## ABOUT THIS EXERCISE:
Repeat verbatim, and only, the lines of the data below, beginning at the line that contains "Vue arrière de" and stopping after the line that contains "Baroque shape Akoya".

## EXTRACTED INFORMATION:
---*---

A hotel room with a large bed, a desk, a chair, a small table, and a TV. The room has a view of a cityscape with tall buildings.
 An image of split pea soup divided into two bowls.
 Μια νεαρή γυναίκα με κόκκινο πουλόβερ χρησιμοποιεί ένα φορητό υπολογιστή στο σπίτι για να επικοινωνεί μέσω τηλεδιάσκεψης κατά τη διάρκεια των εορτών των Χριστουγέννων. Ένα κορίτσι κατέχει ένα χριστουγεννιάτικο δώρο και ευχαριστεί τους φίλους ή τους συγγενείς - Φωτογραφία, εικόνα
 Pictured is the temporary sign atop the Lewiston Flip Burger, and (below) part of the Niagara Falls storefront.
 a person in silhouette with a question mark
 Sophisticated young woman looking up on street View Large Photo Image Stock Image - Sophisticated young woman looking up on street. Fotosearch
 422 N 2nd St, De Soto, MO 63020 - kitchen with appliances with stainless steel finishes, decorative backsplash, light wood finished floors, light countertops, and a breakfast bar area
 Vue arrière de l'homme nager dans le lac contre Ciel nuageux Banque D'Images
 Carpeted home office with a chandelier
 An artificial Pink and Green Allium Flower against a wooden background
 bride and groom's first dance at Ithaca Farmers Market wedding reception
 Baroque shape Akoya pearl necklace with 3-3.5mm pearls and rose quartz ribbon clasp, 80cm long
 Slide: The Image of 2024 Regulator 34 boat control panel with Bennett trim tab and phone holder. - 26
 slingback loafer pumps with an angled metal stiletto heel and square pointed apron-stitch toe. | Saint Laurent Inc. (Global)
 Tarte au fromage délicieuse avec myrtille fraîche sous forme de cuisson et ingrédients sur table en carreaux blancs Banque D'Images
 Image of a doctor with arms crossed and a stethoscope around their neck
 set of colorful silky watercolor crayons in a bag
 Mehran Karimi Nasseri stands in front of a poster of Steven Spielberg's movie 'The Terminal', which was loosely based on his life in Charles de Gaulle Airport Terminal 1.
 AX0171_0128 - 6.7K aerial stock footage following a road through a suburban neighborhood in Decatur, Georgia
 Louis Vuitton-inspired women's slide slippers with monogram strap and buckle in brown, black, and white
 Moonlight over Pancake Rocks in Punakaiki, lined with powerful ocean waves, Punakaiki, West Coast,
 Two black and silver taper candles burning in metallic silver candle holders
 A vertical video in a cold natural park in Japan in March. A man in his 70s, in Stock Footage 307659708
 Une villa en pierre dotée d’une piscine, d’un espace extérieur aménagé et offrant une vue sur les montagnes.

---*---

## TASK RESULT:
 Vue arrière de l'homme nager dans le lac contre Ciel nuageux Banque D'Images
 Carpeted home office with a chandelier
 An artificial Pink and Green Allium Flower against a wooden background
 bride and groom's first dance at Ithaca Farmers Market wedding reception
 Baroque shape Akoya pearl necklace with 3-3.5mm pearls and rose quartz ribbon clasp, 80cm long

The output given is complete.